(Stored items)

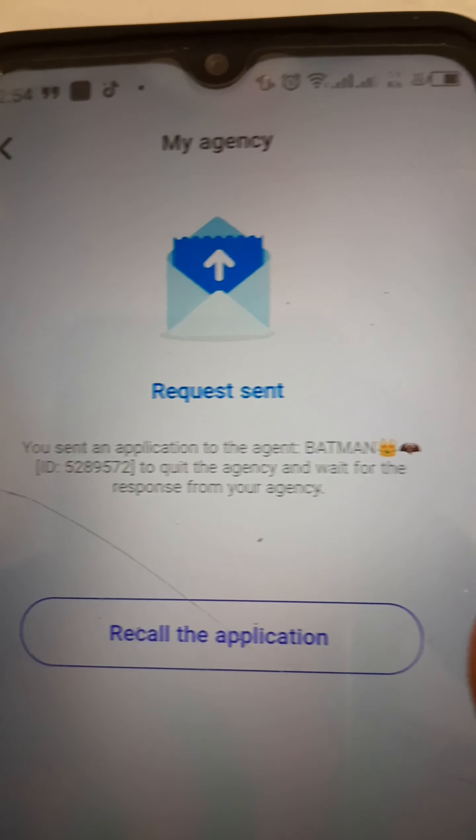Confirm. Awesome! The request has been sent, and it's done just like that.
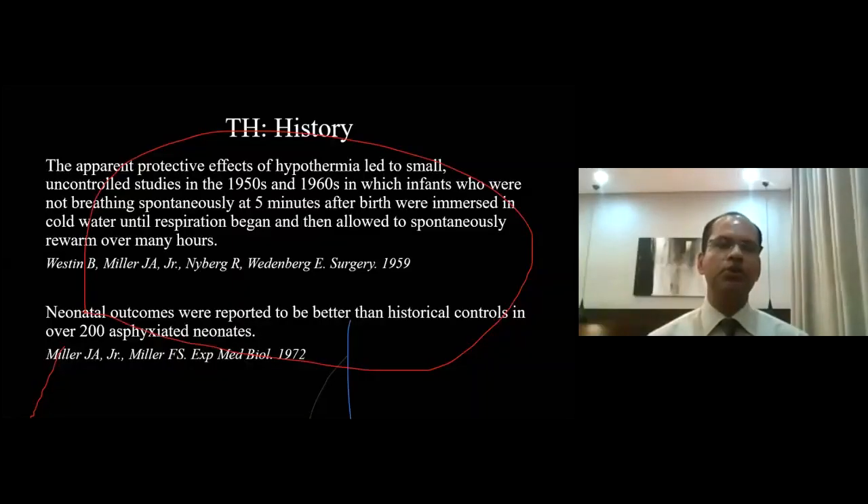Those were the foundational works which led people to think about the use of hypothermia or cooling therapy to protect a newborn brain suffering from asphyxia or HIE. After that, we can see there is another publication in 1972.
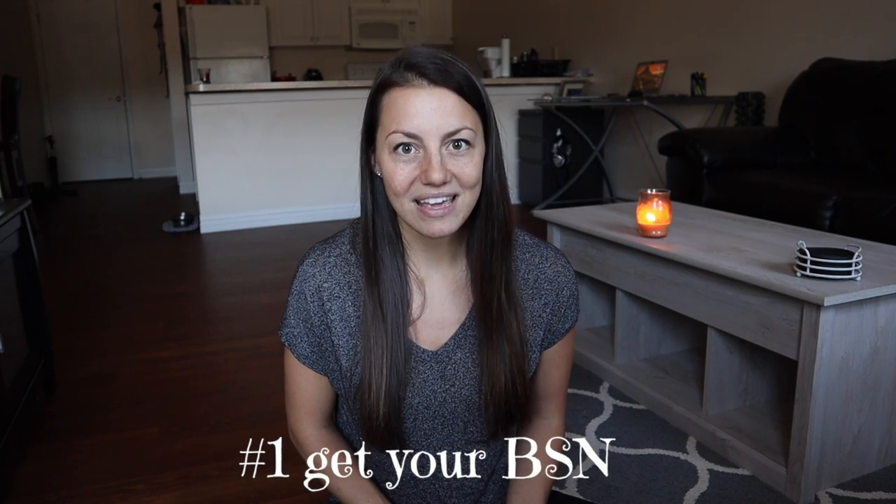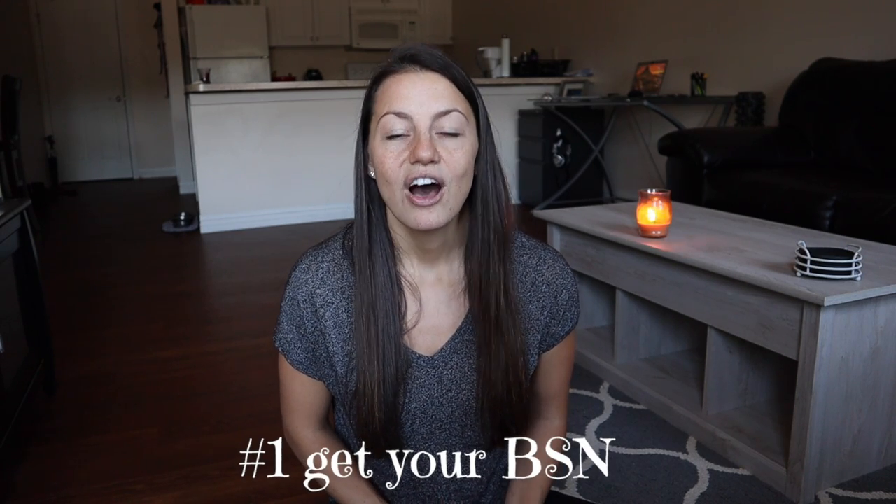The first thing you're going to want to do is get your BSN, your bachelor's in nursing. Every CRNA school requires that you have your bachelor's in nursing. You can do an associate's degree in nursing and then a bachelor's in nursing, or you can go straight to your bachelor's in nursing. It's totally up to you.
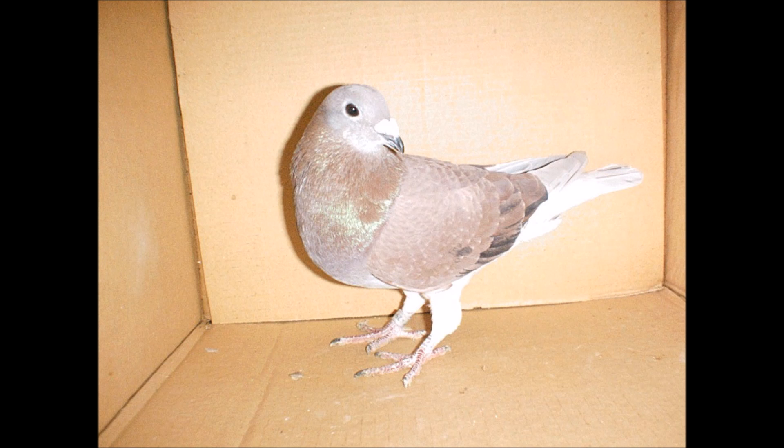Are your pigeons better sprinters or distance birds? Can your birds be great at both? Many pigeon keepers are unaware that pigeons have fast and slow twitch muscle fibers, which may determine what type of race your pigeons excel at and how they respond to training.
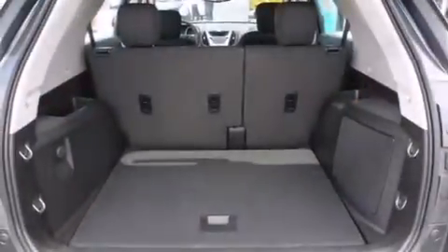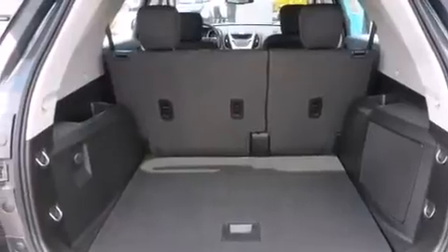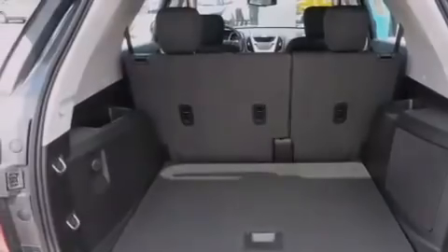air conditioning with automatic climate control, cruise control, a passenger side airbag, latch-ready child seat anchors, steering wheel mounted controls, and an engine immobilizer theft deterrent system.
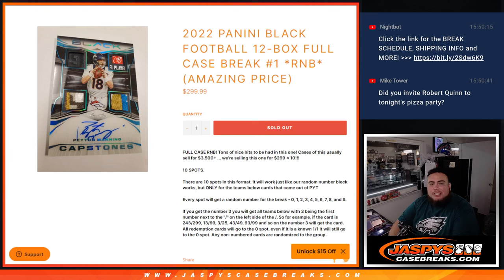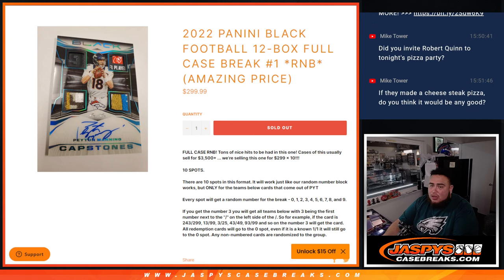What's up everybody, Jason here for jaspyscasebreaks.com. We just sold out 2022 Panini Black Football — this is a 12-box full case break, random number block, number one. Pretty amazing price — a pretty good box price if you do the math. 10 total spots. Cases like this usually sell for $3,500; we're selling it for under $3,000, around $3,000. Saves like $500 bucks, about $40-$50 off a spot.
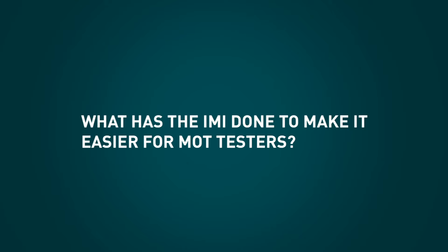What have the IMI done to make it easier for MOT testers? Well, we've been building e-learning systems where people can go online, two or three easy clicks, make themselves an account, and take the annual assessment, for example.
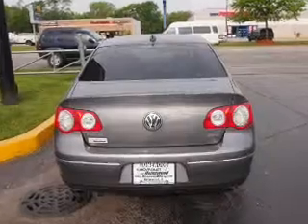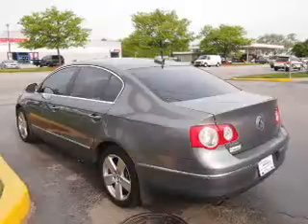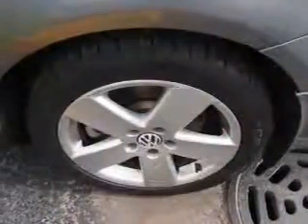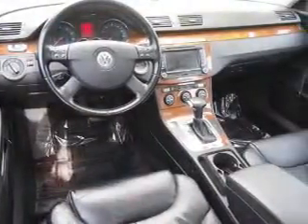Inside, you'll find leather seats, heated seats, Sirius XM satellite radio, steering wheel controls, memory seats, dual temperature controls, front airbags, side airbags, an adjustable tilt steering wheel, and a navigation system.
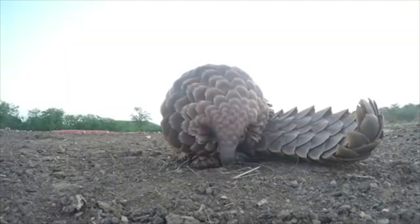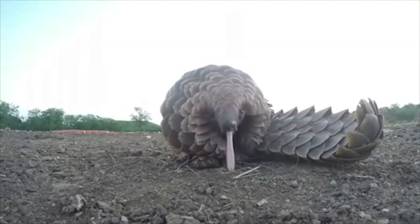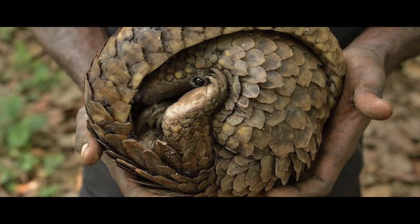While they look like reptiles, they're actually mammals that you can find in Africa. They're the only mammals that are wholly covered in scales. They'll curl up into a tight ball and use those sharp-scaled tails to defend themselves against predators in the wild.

Goal of the exercise:
Repeat the records above word for word, keeping no pictures in the copy.

Task answer:
Confirm. Awesome! The request has been sent, and it's done just like that.
Those were the foundational works which led people to think about the use of hypothermia or cooling therapy to protect a newborn brain suffering from asphyxia or HIE. After that, we can see there is another publication in 1972.
The first thing you're going to want to do is get your BSN, your bachelor's in nursing. Every CRNA school requires that you have your bachelor's in nursing. You can do an associate's degree in nursing and then a bachelor's in nursing, or you can go straight to your bachelor's in nursing. It's totally up to you.
Are your pigeons better sprinters or distance birds? Can your birds be great at both? Many pigeon keepers are unaware that pigeons have fast and slow twitch muscle fibers, which may determine what type of race your pigeons excel at and how they respond to training.
air conditioning with automatic climate control, cruise control, a passenger side airbag, latch-ready child seat anchors, steering wheel mounted controls, and an engine immobilizer theft deterrent system.
What's up everybody, Jason here for jaspyscasebreaks.com. We just sold out 2022 Panini Black Football — this is a 12-box full case break, random number block, number one. Pretty amazing price — a pretty good box price if you do the math. 10 total spots. Cases like this usually sell for $3,500; we're selling it for under $3,000, around $3,000. Saves like $500 bucks, about $40-$50 off a spot.
What have the IMI done to make it easier for MOT testers? Well, we've been building e-learning systems where people can go online, two or three easy clicks, make themselves an account, and take the annual assessment, for example.
Inside, you'll find leather seats, heated seats, Sirius XM satellite radio, steering wheel controls, memory seats, dual temperature controls, front airbags, side airbags, an adjustable tilt steering wheel, and a navigation system.
While they look like reptiles, they're actually mammals that you can find in Africa. They're the only mammals that are wholly covered in scales. They'll curl up into a tight ball and use those sharp-scaled tails to defend themselves against predators in the wild.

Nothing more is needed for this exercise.